Что Чернышевскому послужило основой для таких трансформаций? Собственные пристальные наблюдения за народной жизнью и народной натурой, которые на рубеже 50-60-х годов стали качественно другими, нежели были в начале 50-х. Другими в том смысле, что в «массе простолюдинов» Чернышевский заметил четко осознанное стремление к улучшению своего положения, к изменению своей судьбы. «Нам кажется, - суммировал он свои представпения, - что в настоящее время... твердить о необходимости народности в изящной литературе - дело совершенно излишнее: русская изящная литература стала народной настолько, насколько позволяют ей обстоятельства, и если в ней есть недостатки, то уж, конечно, не от подражания Западу, а от влияния совершенно других обстоятельств, чуждых намерению и желанию писателей».

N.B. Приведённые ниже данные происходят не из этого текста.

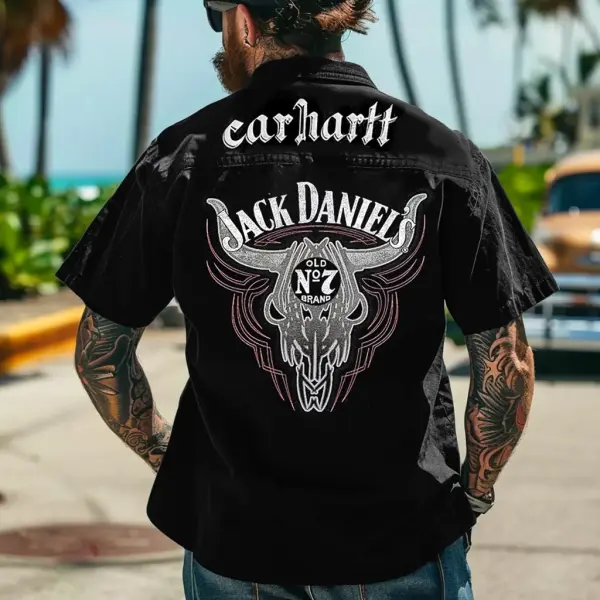 Men's Western Cowboy Print Outdoor Short Sleeve Black Rodeo Shirts - Wayrates.chimpone.com 
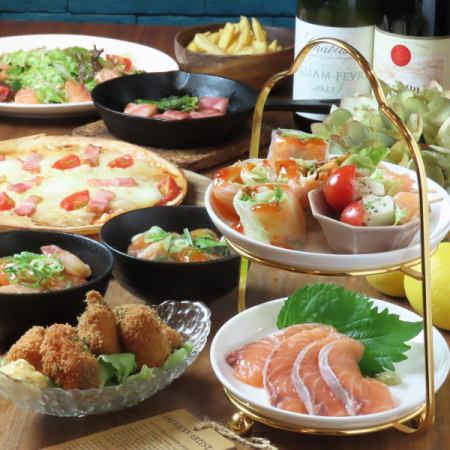 120分飲み放題付き◎【人気急上昇！サーモンアフタヌーンティー】全7品5500円⇒5000円（税込）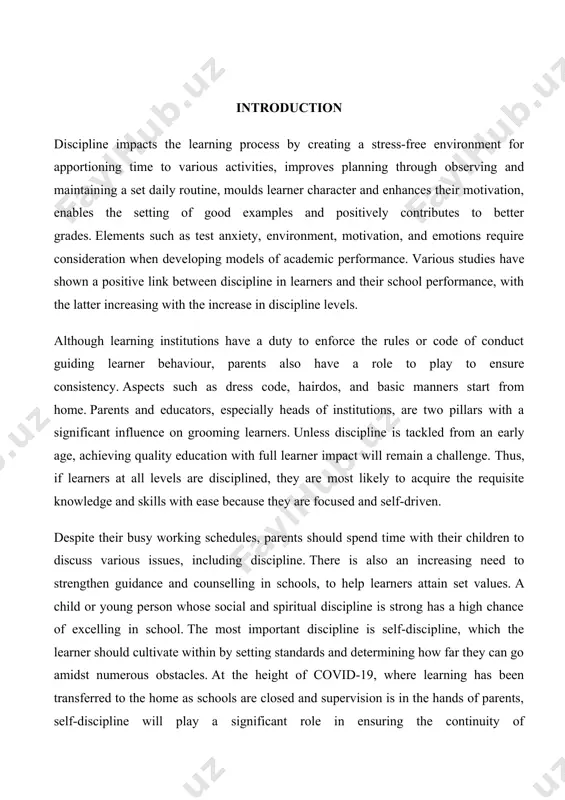 p learners attain set values. a child or young person whose social and spiritual discipline is strong has a high chance of excelling in school. the most important discipline is self-discipline, which the learner should cultivate within by setting standards and determining how far they can go amidst numerous obstacles. at the height of covid-19, where learning has been transferred to the home as schools are closed and supervision is in the hands of parents, self-discipline will play a significant role in ensuring the continuity of learning.punishment is used as a tool to inculcate discipline. it can be either positive or negative. physical or corporal punishment includes caning, physical labour such as watering school gardens or cutting grass, kneeling or walking on knees, or doing push-ups. as part of enforcing the conventions on children’s rights, several countries have abolished corporal punishment in schools, although the illegal practice is still common …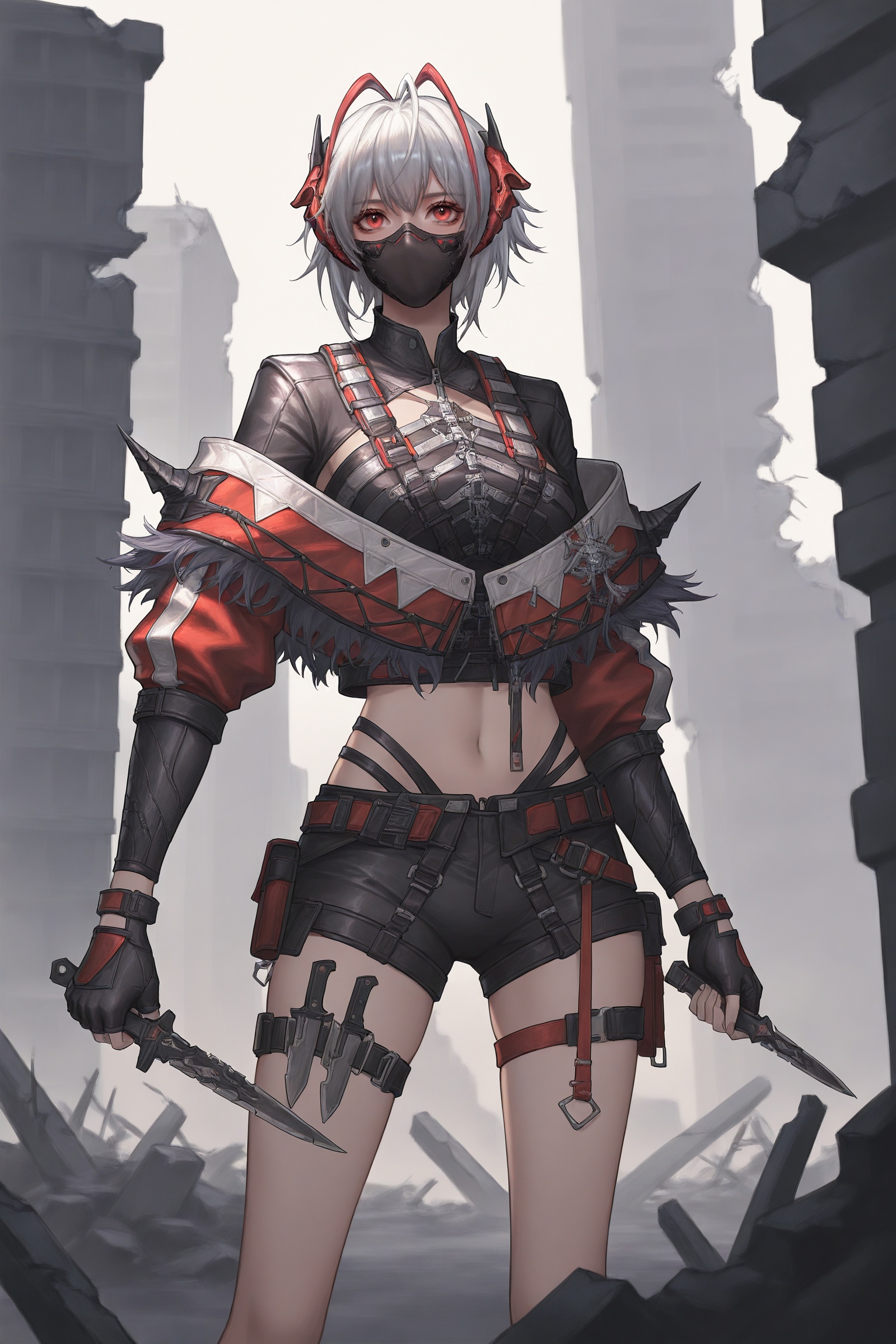 <lora:光辉V1麦晓雯维什黛尔角色:0.8>,maixiaowenew,1girl,solo,short hair,mask,mouth mask,w \\(arknights\\),horns,jacket,red eyes,grey hair,antenna hair,white hair,fingerless gloves,black shorts,midriff,navel,thigh strap,crop top,ruins,holding_knife,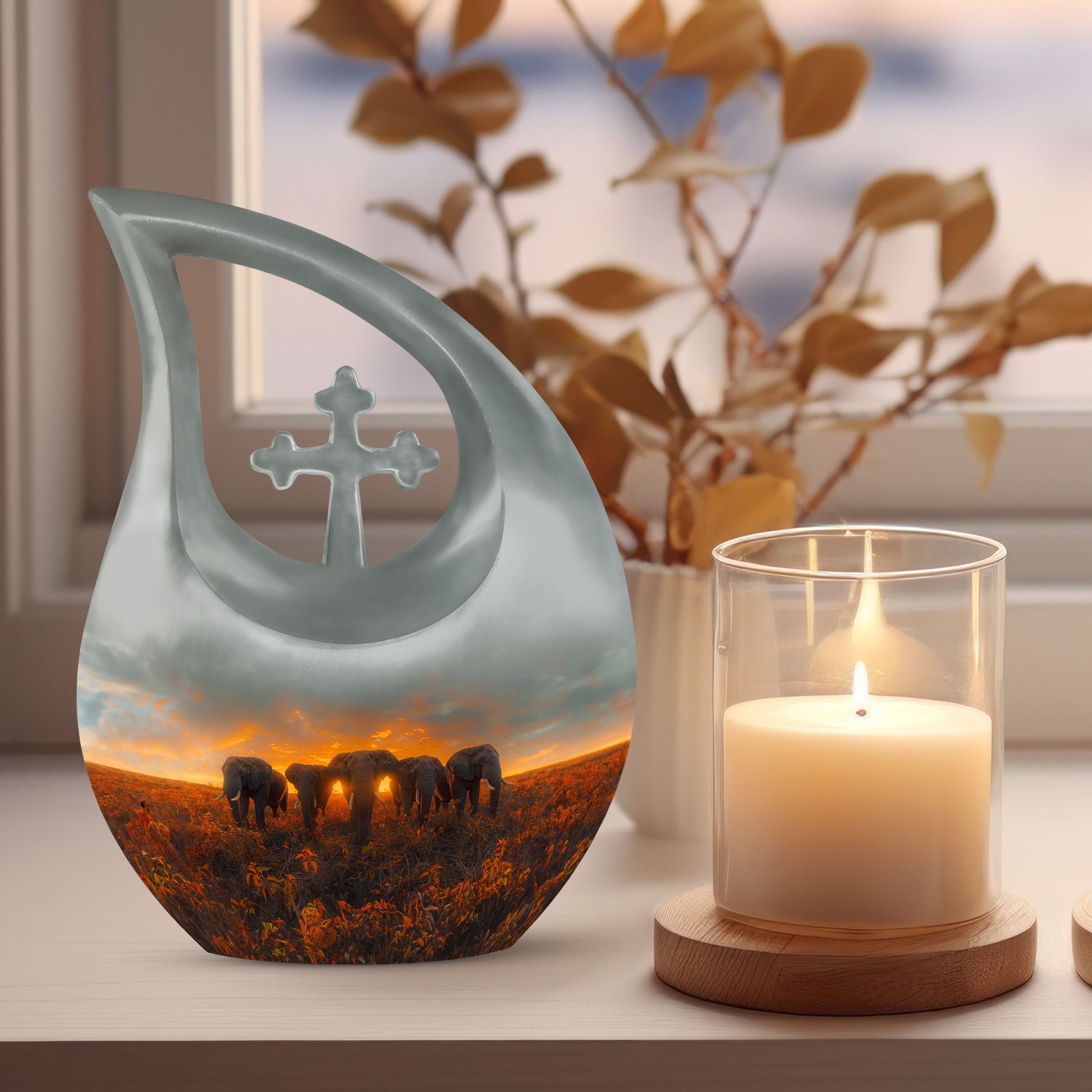 10-inch Elephant Family Urn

Утвердившись во мнении, что русская литература обрела статус народной, Чернышевский, конечно же, не посчитал борьбу за народность в литературе завершенной и не снял ее с повестки дня. Он просто связал народность с обстоятельствами, тормозившими движение литературы к отражению насущных потребностей мужика». Отстраните пагубные обстоятельства, и быстро просветлеет ум человека и облагородится его характер», - вот в каком ракурсе увидел Чернышевский путь
настоящего обновления «народной мысли» и народного характера, соответствующих духу эпохи. И, конкретизируя общее понятие «народность в литературе», назвал два признака, которыми литература, по его мнению, должна руководствоваться, как выверенными и перспективными: «1) степень внимания, обращаемого литературой на те или другие предметы в народной жизни... 2) ...форма художественного произведения должна быть народна».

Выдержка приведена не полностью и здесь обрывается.